Use-case preset

Internal knowledge-base RAG cost calculator

Engineer/staff RAG over wiki and Confluence; cache-heavy retrieval.

An internal RAG system querying engineers and staff over wiki, Notion, and Confluence: the prompt carries a large retrieved context block, and the reply is typically a concise answer or summary. The 90/10 input/output split captures that asymmetry — most tokens are in the retrieved chunks, not the response. The 16k context window fits 3–5 retrieved passages plus conversation history without truncation.

Caching is the dominant cost lever here. Retrieved corpus chunks are stable across sessions, so 60% of input tokens are cacheable — set a long-lived system prompt that includes frequently retrieved sections. Latency is best-effort since engineers tolerate a few seconds for knowledge retrieval. The main pitfall is over-retrieving: sending 16k tokens when a 4k window would answer the question doubles your input bill. Tune retrieval top-k before optimizing model size.

Recommended models

meta/llama-3.3-70b-instruct

Strong reading comprehension over technical documentation; reliable at 16k context.

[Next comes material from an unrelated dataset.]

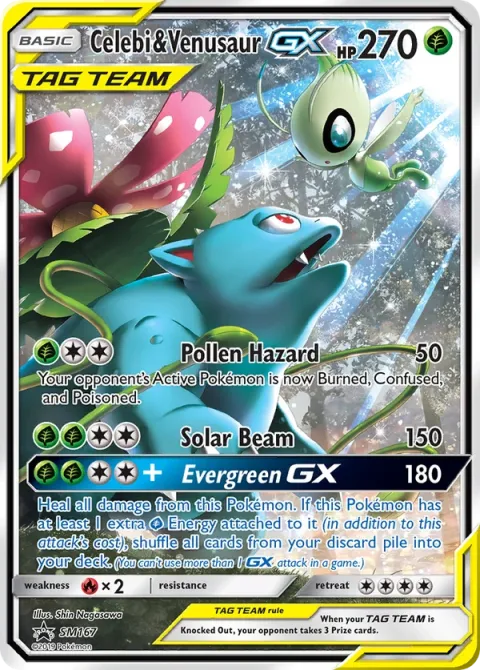 Carte Pokémon Celebi et Florizarre GX SM167, extension Promo SM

mistralai/mixtral-8x22b-instruct

High context accuracy with good cost efficiency on mostly-input workloads.

alibaba/qwen-2.5-72b-instruct

Excellent at long-context retrieval tasks; strong on structured technical content.

cohere/command-r-plus

Built for RAG workloads with native grounding support; cost-effective at high input ratios.

deepseek/deepseek-v3

Competitive long-context comprehension at a favorable price point for internal tooling.